# What this task involves
Repeat the records in full and exactly, omitting pictures.
···
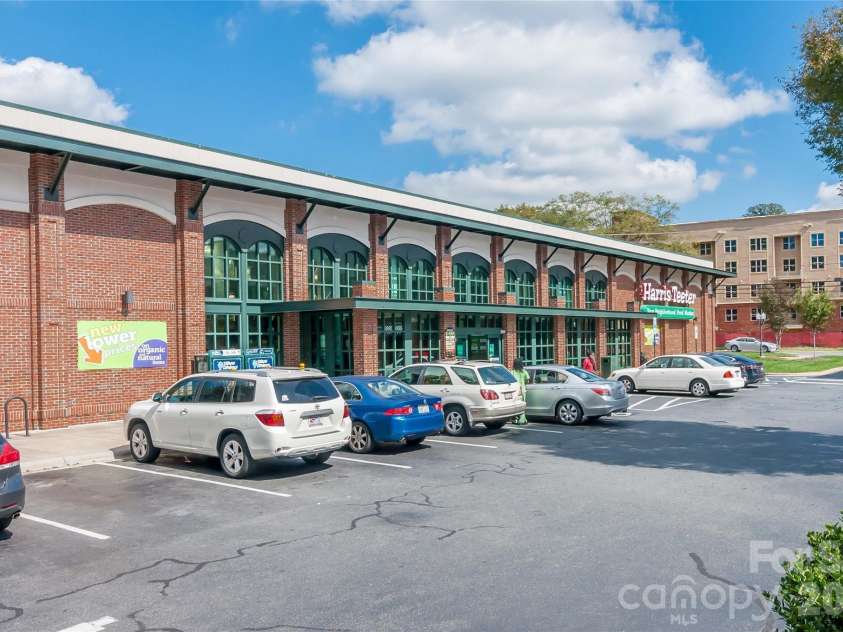 4911 Park Road, Charlotte, NC 28209.  MLS# CAR4340027, YatesRealty ID 20326. 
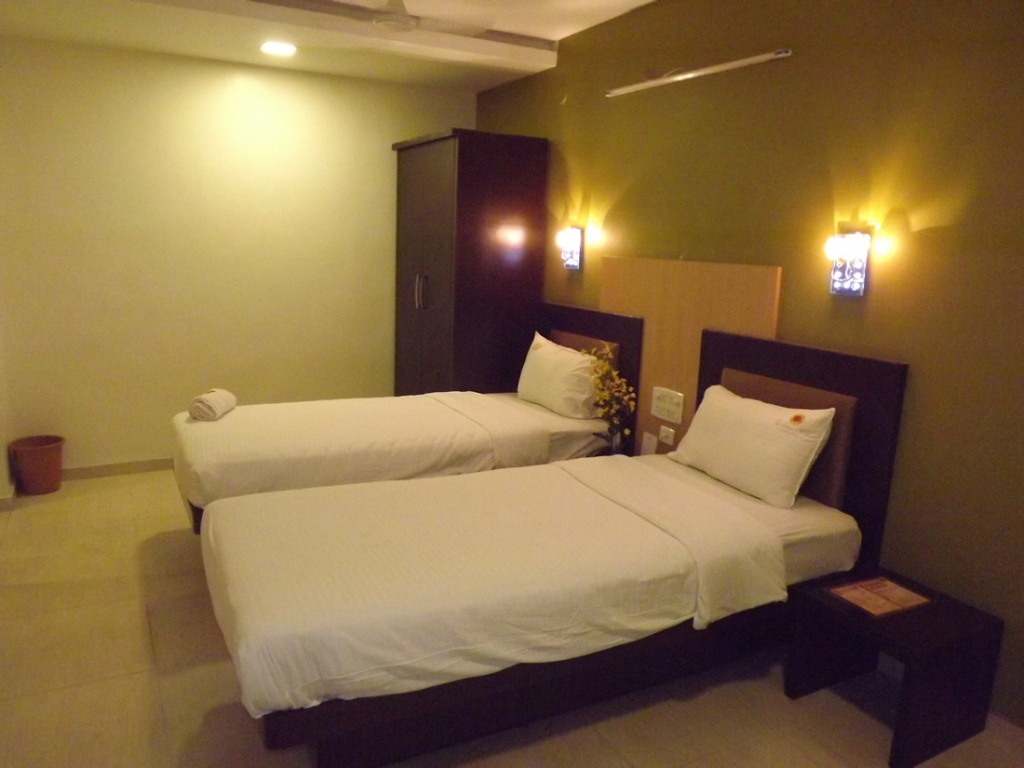 Соманур: The Richman Hotel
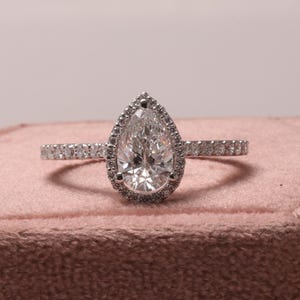 1ct - 3ct Pear Cut Lab Created Diamond Ring, Pear Lab Grown Diamond Engagement Ring, Pear Diamond Engagement Ring, Pear Halo Diamond Ring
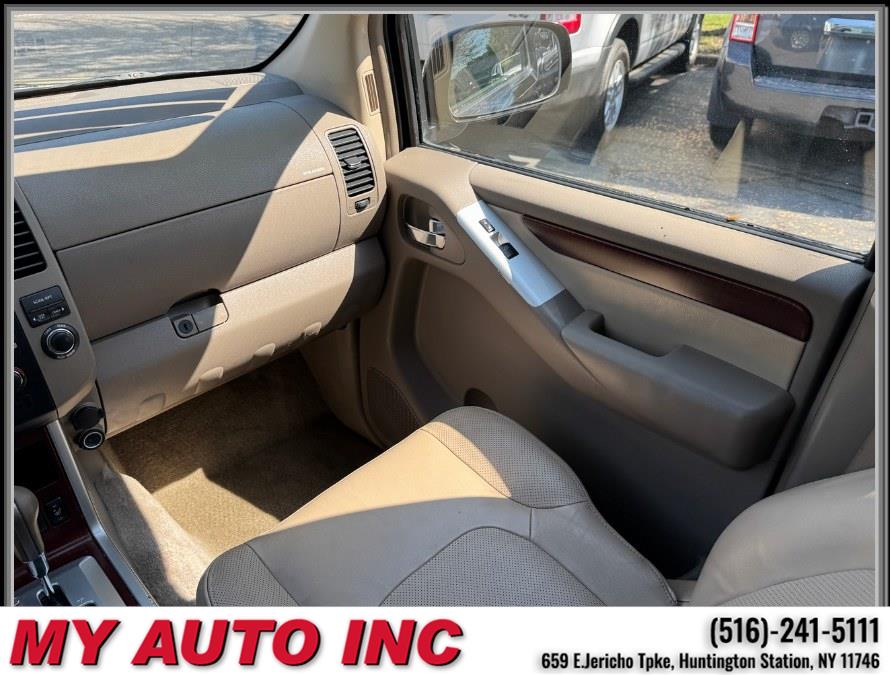 2011 Nissan Pathfinder 4WD 4dr V6 LE, available for sale in Huntington Station, New York | My Auto Inc.. Huntington Station, New York 2011 Nissan Pathfinder 4WD 4dr V6 LE, available for sale in Huntington Station, New York | My Auto Inc.. Huntington Station, New York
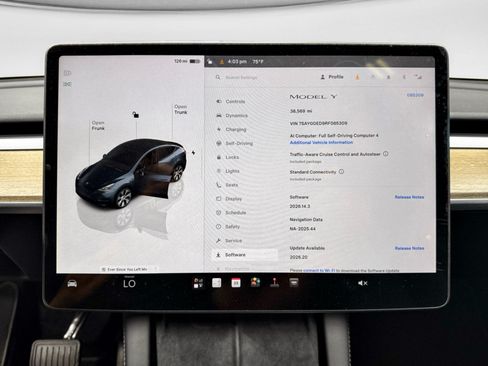 Used 2024 Tesla Model Y Long Range RWD image 11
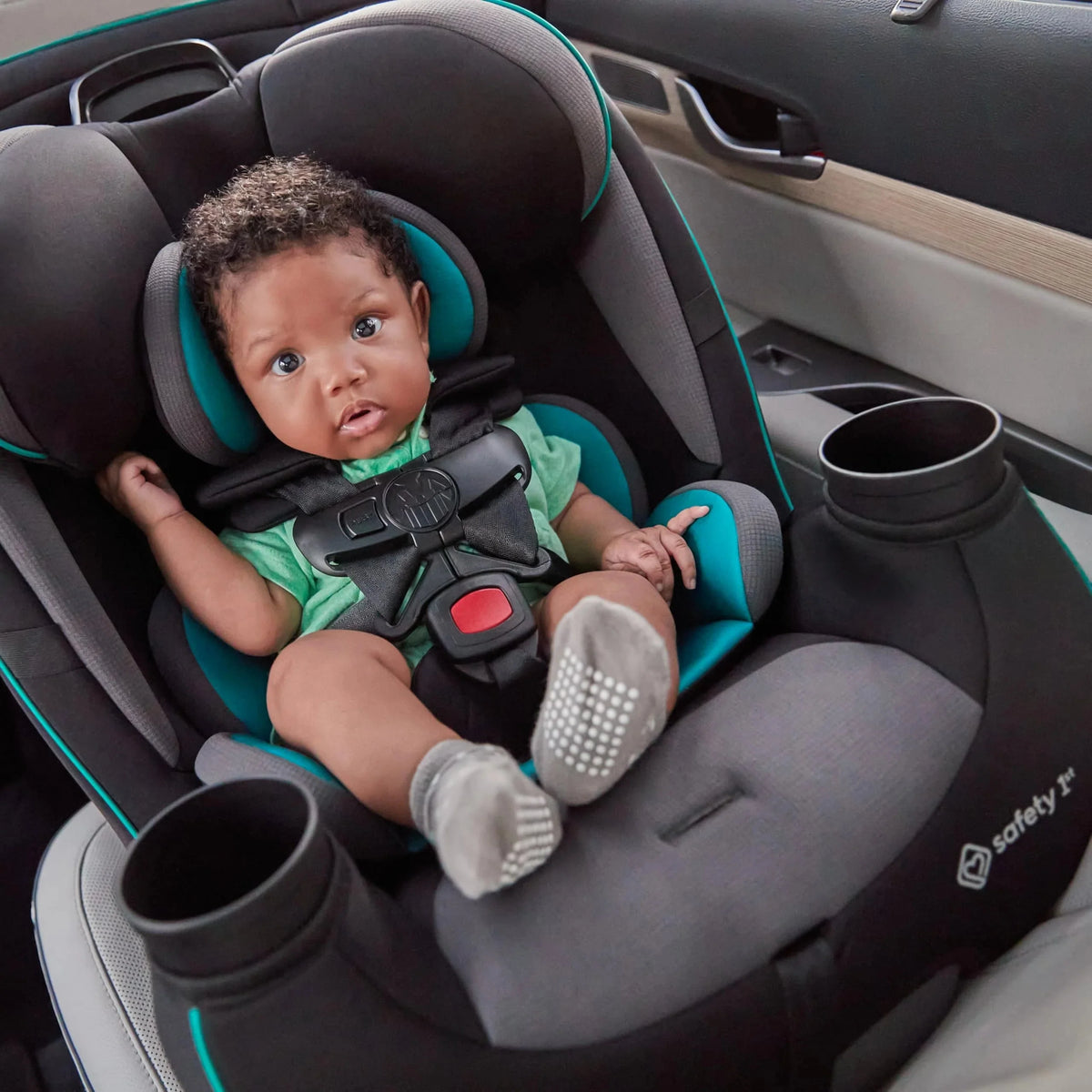 3-in-1 Slim Convertible Car Seat. All-in-One Infant Toddler Booster Seat. Rear & Forward Facing Child Safety Seat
···
# Written response
 4911 Park Road, Charlotte, NC 28209.  MLS# CAR4340027, YatesRealty ID 20326. 
 Соманур: The Richman Hotel
 1ct - 3ct Pear Cut Lab Created Diamond Ring, Pear Lab Grown Diamond Engagement Ring, Pear Diamond Engagement Ring, Pear Halo Diamond Ring
 2011 Nissan Pathfinder 4WD 4dr V6 LE, available for sale in Huntington Station, New York | My Auto Inc.. Huntington Station, New York 2011 Nissan Pathfinder 4WD 4dr V6 LE, available for sale in Huntington Station, New York | My Auto Inc.. Huntington Station, New York
 Used 2024 Tesla Model Y Long Range RWD image 11
 3-in-1 Slim Convertible Car Seat. All-in-One Infant Toddler Booster Seat. Rear & Forward Facing Child Safety Seat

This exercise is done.